Life history evolution

Evolution of coloniality

w/Adam Reitzel at University of North Carolina at Charlotte

The overall goal for this collaborative research is to determine trade-offs favoring the emergence of colonial individuals from solitary ancestors. We are experimentally identifying the costs and benefits associated with the expression of a phenotypically engineered colonial morphology within a solitary species. We are using a multidisciplinary approach combining biochemistry, growth and reproductive rates, and transcriptomics to compare the physiological and molecular consequences of a colonial life history through experimental manipulation of development in a model cnidarian, the sea anemone Nematostella vectensis

Bet hedging as an evolutionary stable strategy

w/Jon Allen at College of William & Mary

We are examining congeneric seastars found within a hybrid zone along the northwestern Atlantic (Asterias forbesi and Asterias rubens) to test the ecological, genetic and biochemical underpinnings of an apparent bet-hedging strategy. These hybridizing species produce more than two-fold intraclutch variation in egg volume, suggesting very different levels of per-offspring investment in a single reproductive bout. However, the biochemical and genetic basis for this variation and its ecological consequences are unknown.
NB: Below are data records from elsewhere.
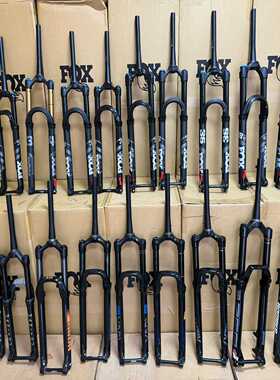 全新FOX前叉，型号齐全，32/34/36/38金管黑管都有--议价商品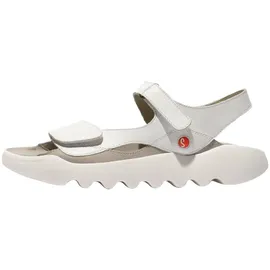 Softinos Riemchensandale Damen Weiß 37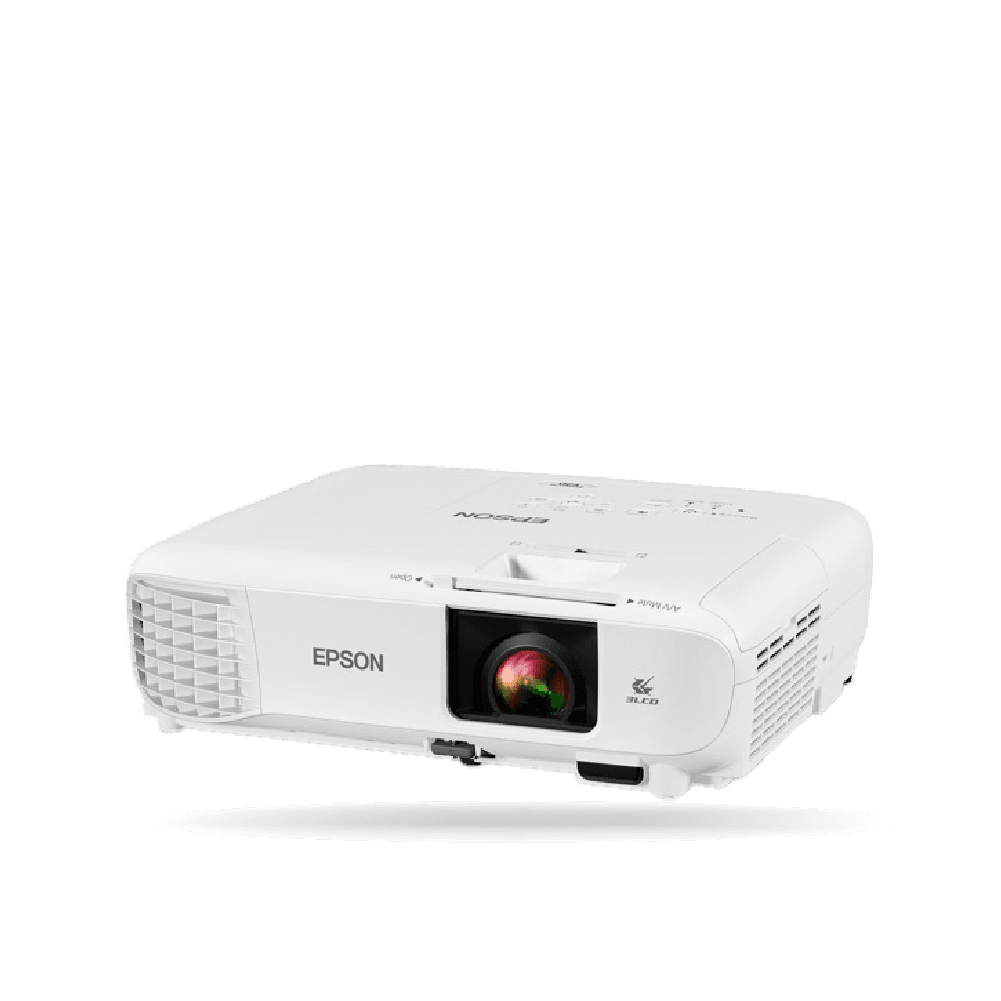 Proyector Epson PowerLite E20, 3400 Lúmenes, 1024x768, XGA , 3LCD, VGA x 2 / HDMI x 1 / Video RCA / Audio RCA / RS-232C / USB Tipo B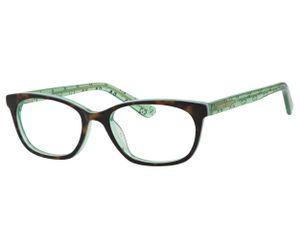Juicy Kids Eyeglasses JU931 0PHW Havana Green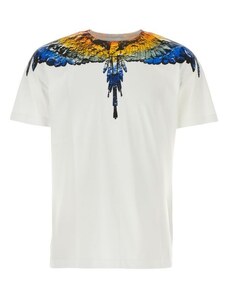 MARCELO BURLON COUNTY OF MILAN T-shirt in jersey di cotone con stampa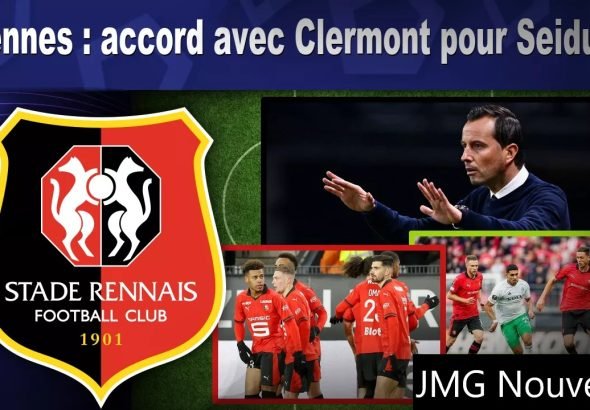 L'academicien JMG Alidu Seidu mercato transfer Clermont Stades Rennais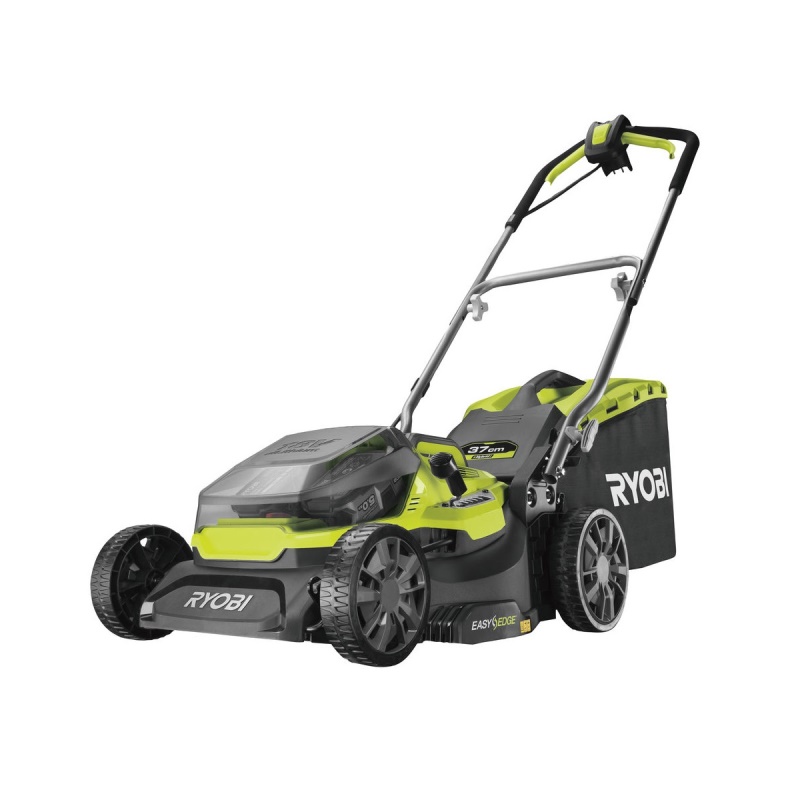 Ryobi RY18LMH37A-250 - aku 18 V hybridní sekačka 37 cm + 2x 5Ah baterie + nabíječka ONE+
Oceanic drifting: larval development of the sea urchin, Diadema africanum

w/Jose Carlos Hernandez at Universidad de La Laguna, Tenerife, Canary Islands

Diadema africanum is a recently described sea urchin from the Eastern Atlantic archipelagos and adults play a major ecological role mediating the transition between two alternative ecosystem states: macroalgal beds and urchin barrens. We have described for the first time the egg characteristics, fertilization, and larval development of this important species. Our results suggest that the unique Echinopluteus transversus morphology of the pluteus larvae of D. africanum may facilitate long distance dispersal among isolated archipelagos. These long-lived larvae may also provide a buffering pool of individuals in the plankton for seeding benthic adult populations that undergo boom-bust cycles of abundance.